*Sepenggal Cerita dari Angkutan Kota*
Aku percaya bahwa
belajar itu bisa dimana saja dan dari siapa saja. Belajar bukan hanya tentang
bagaimana cara menghitung logarima,kalkulus atau korelasi antara variabel x dan
variabel y. Tapi Ini adalah tentang belajar mendewasakan diri dan menemukan
kedamaian hati dari orang-orang asing tapi mengajarkan banyak hal.

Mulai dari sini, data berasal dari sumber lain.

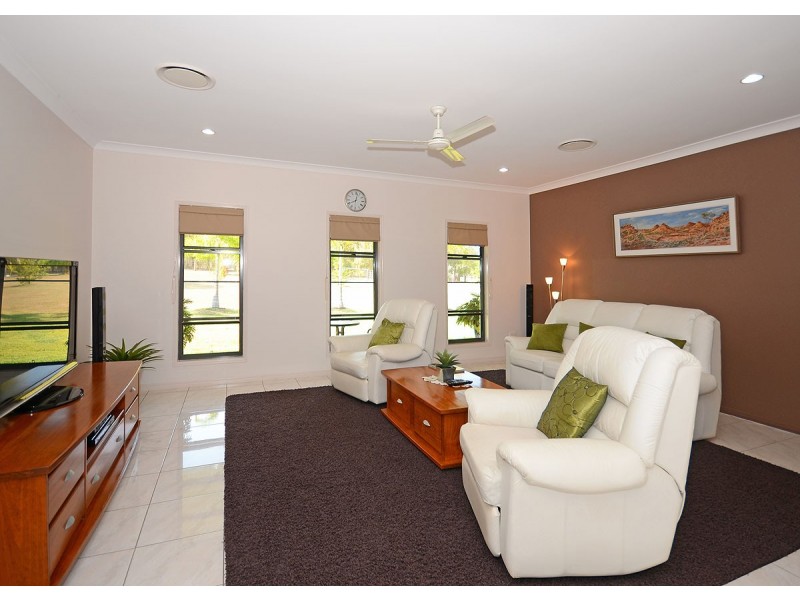 41 Raintree Ave, Burrum Heads QLD 4659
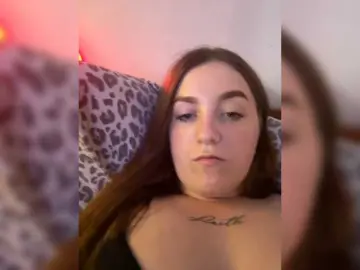 Kissss2424  live sex cam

Sehari-hari aku setia menggunakan angkutan kota atau kami
orang Medan akrab menyebutnya “Angkot” sebagai moda transportasi. Setiap
harinya, Dari rumah ke kantor, ke kampus
dan kembali ke rumah hampir 70% menggunakan transportasi kesayangan ini. Trauma kecelakaan ketika belajar naik sepeda
motor dulu berhasil mematikan niatku untuk belajar lagi dan apalagi bekas-bekas
luka yang ditinggalkan juga tak kunjung hilang. Seperti sakit ketika patah
hati. Tetap akan membekas. Mungkin akan jadi samar, tapi tak benar-benar
hilang. Bekas luka yang tak kunjung hilang itulah yang semakin membuatku enggan
untuk belajar mengendarai sepeda motor lagi.
Kata orang, aku mudah menyerah, mereka bilang jatuh itu proses biasa.
Itu mungkin benar, Tapi aku memang belum siap untuk mengambil resiko lagi.
Mungkin nanti. Suatu hari.Entah kapan. Atau transportasi seperti mobil + supir
pribadi tentu juga bukanlah pilihan. Karna dalam kamusku tak ada pilihan
seperti itu . Jadilah aku, mau tidak mau, suka tidak suka, harus berjibaku
dengan “angkot” setiap harinya. Tapi kemudian, entah sejak kapan. Aku mulai
jatuh cinta dengan transportasi ini.
Jatuh cinta Karena ugal-ugalannya angkot Medan yang membuat aku jarang sekali
terlambat ke kantor atau kampus,Karena ongkos yang masih ramah di kantong dan
juga karena disini aku bisa bertemu dengan orang yang berbeda setiap harinya.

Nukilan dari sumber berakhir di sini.